**Core Concept**
Sickle cell disease (SCD) is a genetic disorder caused by a mutation in the HBB gene, leading to the production of abnormal hemoglobin (HbS) that causes red blood cells to take on a sickle shape under low oxygen conditions. This abnormal hemoglobin polymerizes and causes red blood cells to become rigid, leading to vaso-occlusion, tissue ischemia, and chronic anemia.

**Why the Correct Answer is Right**
Sickle cell disease is an autosomal recessive disorder, meaning that a person must inherit two copies of the mutated gene (one from each parent) to express the disease. The disease is characterized by the polymerization of deoxyhemoglobin S (HbS), which is facilitated by low oxygen tension, dehydration, and increased temperature. This polymerization causes the red blood cells to become rigid and sickle-shaped, leading to vaso-occlusion and tissue ischemia.

**Why Each Wrong Option is Incorrect**
**Option A:** This statement is true. Sickle cell disease is indeed caused by a mutation in the HBB gene.
**Option B:** This statement is true. The polymerization of deoxyhemoglobin S (HbS) is facilitated by low oxygen tension, dehydration, and increased temperature.
**Option C:** This statement is false. Sickle cell disease is an autosomal recessive disorder, meaning that a person must inherit two copies of the mutated gene (one from each parent) to express the disease. It is not an X-linked disorder.
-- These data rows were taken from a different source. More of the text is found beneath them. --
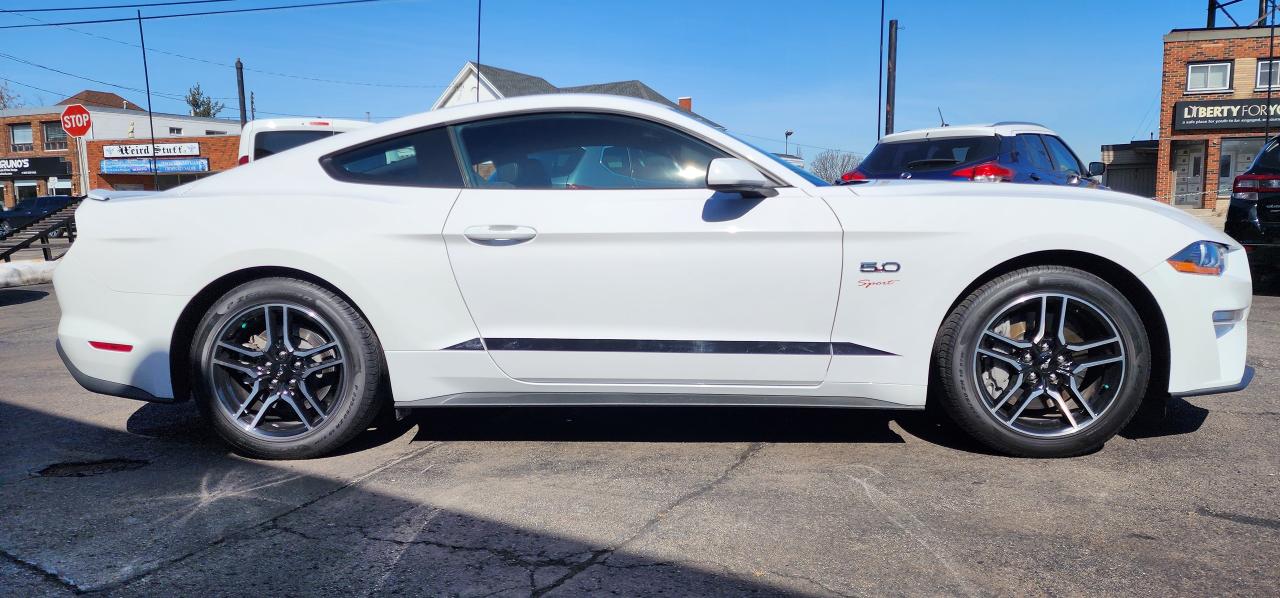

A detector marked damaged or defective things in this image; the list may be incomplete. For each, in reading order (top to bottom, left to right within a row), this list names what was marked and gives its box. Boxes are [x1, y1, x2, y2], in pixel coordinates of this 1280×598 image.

cracked pavement [0, 282, 1274, 596] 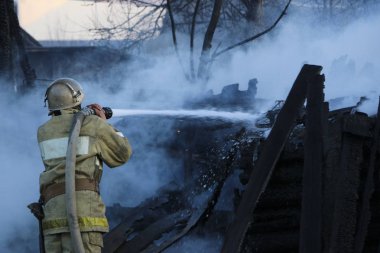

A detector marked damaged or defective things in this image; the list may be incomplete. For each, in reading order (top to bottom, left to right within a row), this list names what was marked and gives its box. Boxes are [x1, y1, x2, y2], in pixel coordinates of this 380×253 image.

fire damage [102, 65, 380, 253] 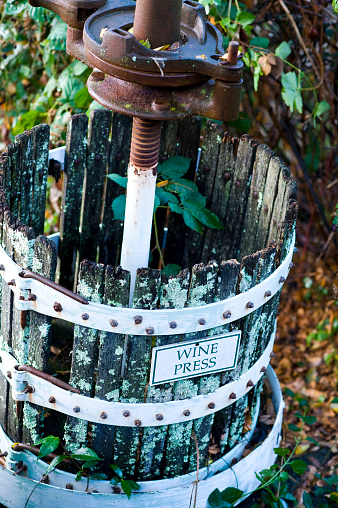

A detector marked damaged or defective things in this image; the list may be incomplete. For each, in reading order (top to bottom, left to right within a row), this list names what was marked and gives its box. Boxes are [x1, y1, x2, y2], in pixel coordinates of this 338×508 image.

rusty metal band [0, 234, 294, 338]
rusty metal band [0, 324, 276, 426] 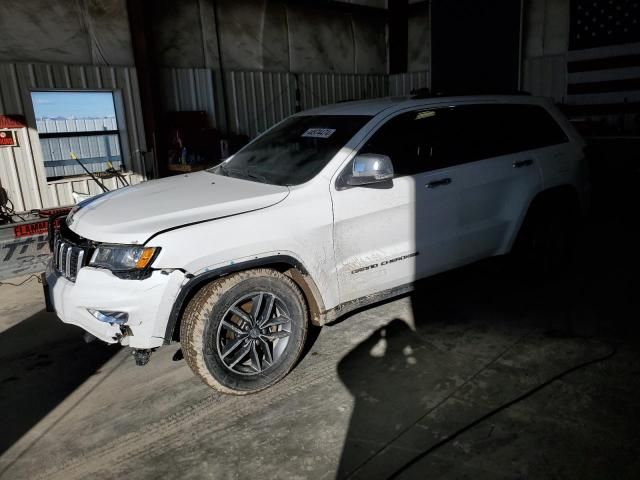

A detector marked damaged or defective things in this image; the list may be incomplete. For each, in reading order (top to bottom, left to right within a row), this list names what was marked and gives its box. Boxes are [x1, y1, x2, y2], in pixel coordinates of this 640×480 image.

damaged front bumper [44, 260, 185, 346] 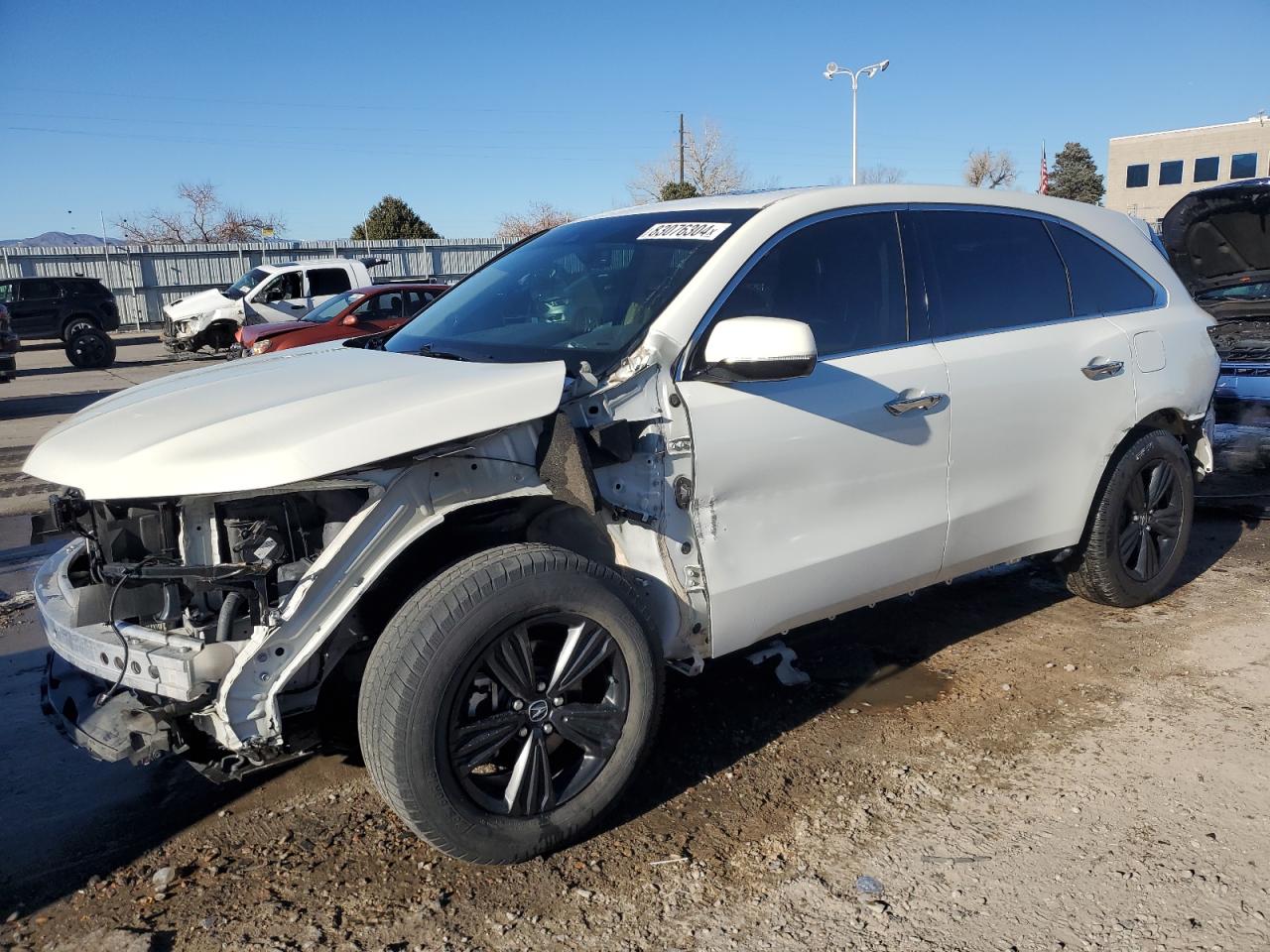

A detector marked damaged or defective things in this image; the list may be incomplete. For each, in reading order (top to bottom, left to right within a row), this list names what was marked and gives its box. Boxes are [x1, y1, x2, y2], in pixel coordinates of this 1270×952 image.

crumpled hood [1159, 179, 1270, 294]
crumpled hood [164, 286, 236, 319]
damaged red car [236, 284, 448, 359]
crumpled hood [26, 345, 564, 502]
crashed white suv [27, 186, 1222, 865] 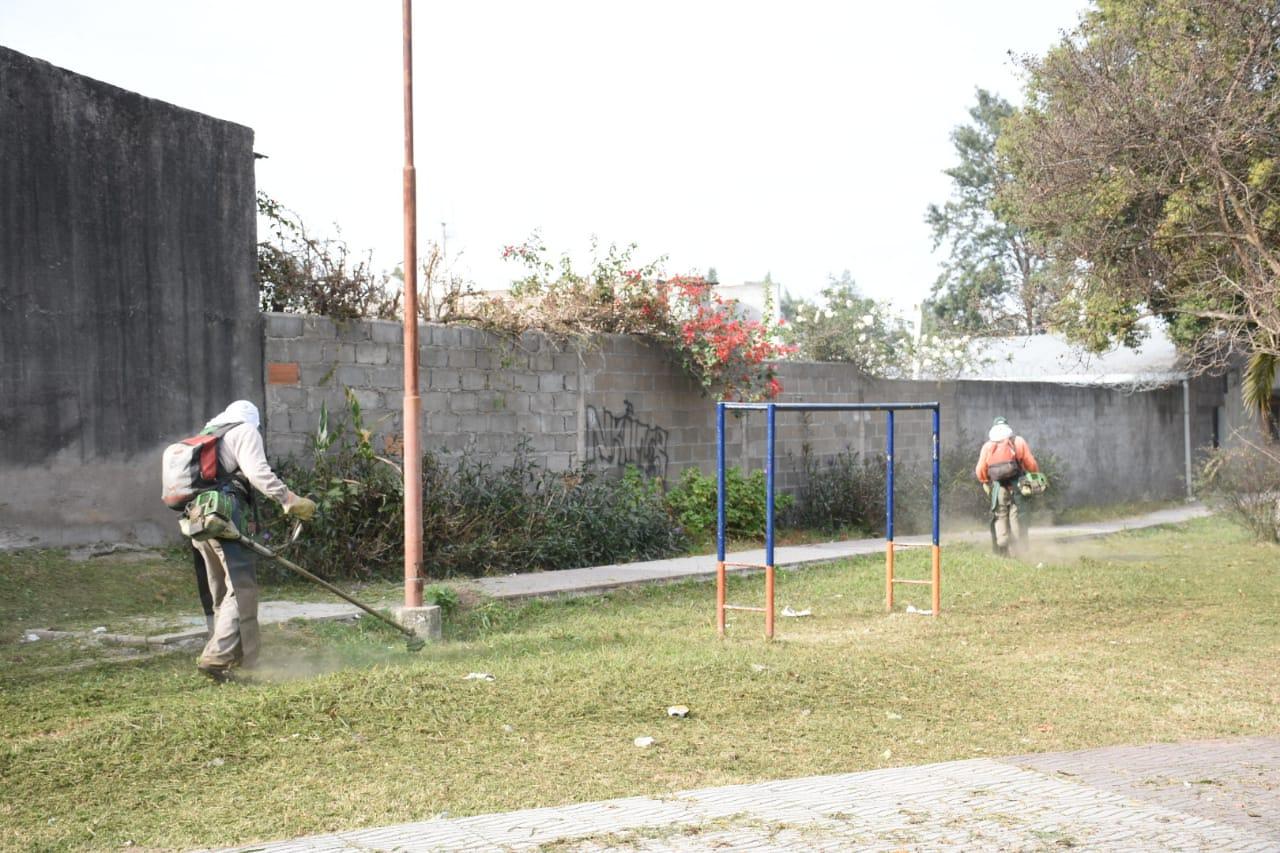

**Clinical Pearl / High-Yield Fact**
It is essential to note that sickle cell disease is a genetic disorder, and therefore, there is no cure. However, various treatments are available to manage the symptoms and prevent complications, such as hydroxyurea, which can reduce the frequency of painful crises and the need for blood transfusions.

**Correct Answer: C. Sickle cell disease is an autosomal recessive disorder.